• Task to carry out:
The first line to keep is the one containing "image-komik-nusumi-no-taika-chapter-01-end-13/34"; restate it and all lines after it through the end of the material, word for word and nothing else.

═══

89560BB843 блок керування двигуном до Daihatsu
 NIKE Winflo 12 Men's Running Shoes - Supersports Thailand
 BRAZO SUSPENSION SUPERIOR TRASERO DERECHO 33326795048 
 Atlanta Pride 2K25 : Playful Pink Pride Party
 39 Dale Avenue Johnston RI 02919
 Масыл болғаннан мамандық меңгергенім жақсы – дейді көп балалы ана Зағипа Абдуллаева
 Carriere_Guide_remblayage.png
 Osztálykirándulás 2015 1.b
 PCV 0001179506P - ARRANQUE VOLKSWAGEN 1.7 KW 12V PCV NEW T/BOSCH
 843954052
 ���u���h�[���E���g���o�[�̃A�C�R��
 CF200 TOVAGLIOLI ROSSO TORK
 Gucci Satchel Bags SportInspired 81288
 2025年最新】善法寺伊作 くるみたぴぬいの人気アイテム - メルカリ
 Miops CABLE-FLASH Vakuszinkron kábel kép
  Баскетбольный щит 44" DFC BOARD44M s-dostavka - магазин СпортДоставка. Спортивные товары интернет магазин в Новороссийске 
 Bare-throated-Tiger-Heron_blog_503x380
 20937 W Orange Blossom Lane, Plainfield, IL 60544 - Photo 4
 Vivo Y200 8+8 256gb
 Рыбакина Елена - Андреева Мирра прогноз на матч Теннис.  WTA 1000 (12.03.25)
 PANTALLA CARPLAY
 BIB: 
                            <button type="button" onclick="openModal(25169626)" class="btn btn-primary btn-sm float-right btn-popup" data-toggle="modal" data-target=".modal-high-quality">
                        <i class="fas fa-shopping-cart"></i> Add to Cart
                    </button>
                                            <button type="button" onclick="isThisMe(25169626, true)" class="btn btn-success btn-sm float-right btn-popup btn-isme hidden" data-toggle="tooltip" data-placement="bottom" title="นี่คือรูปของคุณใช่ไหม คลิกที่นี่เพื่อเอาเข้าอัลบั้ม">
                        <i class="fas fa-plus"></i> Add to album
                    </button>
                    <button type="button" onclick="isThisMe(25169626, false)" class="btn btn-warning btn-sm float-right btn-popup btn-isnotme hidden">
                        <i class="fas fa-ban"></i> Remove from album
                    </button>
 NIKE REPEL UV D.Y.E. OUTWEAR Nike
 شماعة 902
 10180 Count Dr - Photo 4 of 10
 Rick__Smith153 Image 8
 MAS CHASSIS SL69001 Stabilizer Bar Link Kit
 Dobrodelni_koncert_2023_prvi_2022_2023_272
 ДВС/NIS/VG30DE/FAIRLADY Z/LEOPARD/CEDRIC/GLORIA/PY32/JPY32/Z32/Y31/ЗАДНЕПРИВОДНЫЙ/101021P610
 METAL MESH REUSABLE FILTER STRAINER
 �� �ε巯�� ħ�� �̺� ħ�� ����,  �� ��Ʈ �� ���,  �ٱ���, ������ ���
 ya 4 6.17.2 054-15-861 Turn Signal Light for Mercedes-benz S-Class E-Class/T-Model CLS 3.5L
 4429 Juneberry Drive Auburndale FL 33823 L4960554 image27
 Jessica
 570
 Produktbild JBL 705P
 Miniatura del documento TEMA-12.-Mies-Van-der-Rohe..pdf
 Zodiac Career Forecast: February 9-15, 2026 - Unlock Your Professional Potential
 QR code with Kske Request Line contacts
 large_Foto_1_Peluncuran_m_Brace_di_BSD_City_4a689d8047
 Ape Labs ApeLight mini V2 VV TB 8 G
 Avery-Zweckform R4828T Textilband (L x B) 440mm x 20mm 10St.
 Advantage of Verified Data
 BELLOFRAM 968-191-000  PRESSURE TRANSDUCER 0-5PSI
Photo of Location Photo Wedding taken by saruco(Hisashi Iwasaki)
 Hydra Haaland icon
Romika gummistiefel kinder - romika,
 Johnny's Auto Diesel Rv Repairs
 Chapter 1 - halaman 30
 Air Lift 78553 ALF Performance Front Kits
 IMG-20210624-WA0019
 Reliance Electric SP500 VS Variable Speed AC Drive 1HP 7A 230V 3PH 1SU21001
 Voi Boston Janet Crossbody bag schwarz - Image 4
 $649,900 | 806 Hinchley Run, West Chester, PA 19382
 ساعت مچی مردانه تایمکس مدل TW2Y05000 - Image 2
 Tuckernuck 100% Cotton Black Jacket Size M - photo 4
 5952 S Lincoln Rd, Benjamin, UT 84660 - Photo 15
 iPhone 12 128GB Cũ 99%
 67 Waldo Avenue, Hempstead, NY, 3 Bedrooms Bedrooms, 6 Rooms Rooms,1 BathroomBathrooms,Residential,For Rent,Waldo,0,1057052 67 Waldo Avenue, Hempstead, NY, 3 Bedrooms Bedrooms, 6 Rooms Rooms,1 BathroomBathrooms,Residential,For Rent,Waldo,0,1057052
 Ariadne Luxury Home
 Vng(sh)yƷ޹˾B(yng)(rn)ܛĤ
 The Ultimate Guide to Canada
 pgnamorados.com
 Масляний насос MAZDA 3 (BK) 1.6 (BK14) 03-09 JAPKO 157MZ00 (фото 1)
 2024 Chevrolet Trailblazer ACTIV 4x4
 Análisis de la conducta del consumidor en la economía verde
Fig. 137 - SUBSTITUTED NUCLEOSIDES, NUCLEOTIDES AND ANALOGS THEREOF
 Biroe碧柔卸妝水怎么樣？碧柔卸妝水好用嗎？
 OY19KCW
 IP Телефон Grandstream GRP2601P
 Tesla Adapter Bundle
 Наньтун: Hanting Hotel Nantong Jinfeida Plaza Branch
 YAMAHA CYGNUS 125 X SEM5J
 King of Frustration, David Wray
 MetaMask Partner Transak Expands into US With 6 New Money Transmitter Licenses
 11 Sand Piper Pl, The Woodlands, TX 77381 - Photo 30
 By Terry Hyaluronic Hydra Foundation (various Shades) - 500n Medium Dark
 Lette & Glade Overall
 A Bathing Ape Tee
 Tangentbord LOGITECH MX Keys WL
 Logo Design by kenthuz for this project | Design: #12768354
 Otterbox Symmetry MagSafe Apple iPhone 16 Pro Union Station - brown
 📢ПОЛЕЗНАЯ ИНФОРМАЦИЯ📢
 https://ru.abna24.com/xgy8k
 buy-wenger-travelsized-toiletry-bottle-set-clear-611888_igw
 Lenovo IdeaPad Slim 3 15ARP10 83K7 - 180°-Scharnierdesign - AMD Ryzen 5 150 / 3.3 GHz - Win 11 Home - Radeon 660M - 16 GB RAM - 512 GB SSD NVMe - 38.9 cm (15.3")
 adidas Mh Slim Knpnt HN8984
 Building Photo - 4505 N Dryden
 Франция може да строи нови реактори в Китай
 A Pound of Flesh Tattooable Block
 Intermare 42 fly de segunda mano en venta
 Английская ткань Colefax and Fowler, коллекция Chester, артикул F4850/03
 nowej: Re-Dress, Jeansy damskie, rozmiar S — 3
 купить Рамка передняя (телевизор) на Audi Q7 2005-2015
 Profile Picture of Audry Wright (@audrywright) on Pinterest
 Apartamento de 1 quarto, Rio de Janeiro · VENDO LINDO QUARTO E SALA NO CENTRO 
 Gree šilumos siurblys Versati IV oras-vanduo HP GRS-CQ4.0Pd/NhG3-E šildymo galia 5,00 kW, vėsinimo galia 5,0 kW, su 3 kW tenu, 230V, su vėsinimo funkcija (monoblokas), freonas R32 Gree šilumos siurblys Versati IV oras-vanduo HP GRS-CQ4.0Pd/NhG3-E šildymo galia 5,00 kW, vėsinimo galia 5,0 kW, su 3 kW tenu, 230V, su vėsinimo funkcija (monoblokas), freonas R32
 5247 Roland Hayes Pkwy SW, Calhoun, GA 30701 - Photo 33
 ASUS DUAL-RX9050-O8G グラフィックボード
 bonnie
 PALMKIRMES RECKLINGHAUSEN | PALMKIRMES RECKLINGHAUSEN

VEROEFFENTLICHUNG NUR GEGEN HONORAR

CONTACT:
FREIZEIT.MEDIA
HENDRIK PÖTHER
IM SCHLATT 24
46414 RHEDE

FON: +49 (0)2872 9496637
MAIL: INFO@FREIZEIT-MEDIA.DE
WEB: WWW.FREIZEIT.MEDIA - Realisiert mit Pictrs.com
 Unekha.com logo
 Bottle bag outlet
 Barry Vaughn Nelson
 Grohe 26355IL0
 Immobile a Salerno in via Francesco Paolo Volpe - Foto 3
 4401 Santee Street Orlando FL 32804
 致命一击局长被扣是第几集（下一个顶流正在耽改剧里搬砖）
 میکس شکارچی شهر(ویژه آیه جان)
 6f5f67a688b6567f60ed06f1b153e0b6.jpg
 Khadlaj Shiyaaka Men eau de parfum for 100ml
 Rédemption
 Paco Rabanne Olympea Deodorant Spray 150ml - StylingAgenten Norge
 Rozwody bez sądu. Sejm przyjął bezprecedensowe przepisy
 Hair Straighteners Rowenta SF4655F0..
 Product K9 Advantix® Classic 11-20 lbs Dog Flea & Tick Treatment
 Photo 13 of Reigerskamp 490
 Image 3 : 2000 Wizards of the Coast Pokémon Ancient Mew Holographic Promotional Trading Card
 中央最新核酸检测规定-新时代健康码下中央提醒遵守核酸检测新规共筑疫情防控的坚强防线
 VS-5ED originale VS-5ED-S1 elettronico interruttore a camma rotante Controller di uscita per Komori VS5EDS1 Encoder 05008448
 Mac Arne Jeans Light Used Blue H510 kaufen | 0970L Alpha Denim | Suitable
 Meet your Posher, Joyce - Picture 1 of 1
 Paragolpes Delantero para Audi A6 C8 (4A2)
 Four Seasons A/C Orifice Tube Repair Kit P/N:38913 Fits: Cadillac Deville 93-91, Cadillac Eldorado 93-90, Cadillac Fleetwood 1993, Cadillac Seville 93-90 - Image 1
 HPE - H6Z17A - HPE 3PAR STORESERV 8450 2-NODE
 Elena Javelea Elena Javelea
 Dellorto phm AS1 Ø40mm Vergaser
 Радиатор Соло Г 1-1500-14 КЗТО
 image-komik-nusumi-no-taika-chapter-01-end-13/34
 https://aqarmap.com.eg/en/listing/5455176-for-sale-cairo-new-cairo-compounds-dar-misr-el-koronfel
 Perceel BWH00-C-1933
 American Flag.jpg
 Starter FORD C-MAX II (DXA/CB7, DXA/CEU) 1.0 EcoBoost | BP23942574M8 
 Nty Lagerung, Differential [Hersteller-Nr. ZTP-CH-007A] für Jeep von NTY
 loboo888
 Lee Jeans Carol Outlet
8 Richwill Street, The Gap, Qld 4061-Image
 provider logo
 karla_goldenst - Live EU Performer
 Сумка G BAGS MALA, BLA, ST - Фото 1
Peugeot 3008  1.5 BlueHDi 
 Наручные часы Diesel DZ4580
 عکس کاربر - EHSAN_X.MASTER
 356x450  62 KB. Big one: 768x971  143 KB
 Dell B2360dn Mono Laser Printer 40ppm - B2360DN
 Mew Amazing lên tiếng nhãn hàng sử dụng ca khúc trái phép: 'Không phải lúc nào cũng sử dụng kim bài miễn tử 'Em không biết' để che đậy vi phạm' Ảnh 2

═══

• Your solution:
 image-komik-nusumi-no-taika-chapter-01-end-13/34
 https://aqarmap.com.eg/en/listing/5455176-for-sale-cairo-new-cairo-compounds-dar-misr-el-koronfel
 Perceel BWH00-C-1933
 American Flag.jpg
 Starter FORD C-MAX II (DXA/CB7, DXA/CEU) 1.0 EcoBoost | BP23942574M8 
 Nty Lagerung, Differential [Hersteller-Nr. ZTP-CH-007A] für Jeep von NTY
 loboo888
 Lee Jeans Carol Outlet
8 Richwill Street, The Gap, Qld 4061-Image
 provider logo
 karla_goldenst - Live EU Performer
 Сумка G BAGS MALA, BLA, ST - Фото 1
Peugeot 3008  1.5 BlueHDi 
 Наручные часы Diesel DZ4580
 عکس کاربر - EHSAN_X.MASTER
 356x450  62 KB. Big one: 768x971  143 KB
 Dell B2360dn Mono Laser Printer 40ppm - B2360DN
 Mew Amazing lên tiếng nhãn hàng sử dụng ca khúc trái phép: 'Không phải lúc nào cũng sử dụng kim bài miễn tử 'Em không biết' để che đậy vi phạm' Ảnh 2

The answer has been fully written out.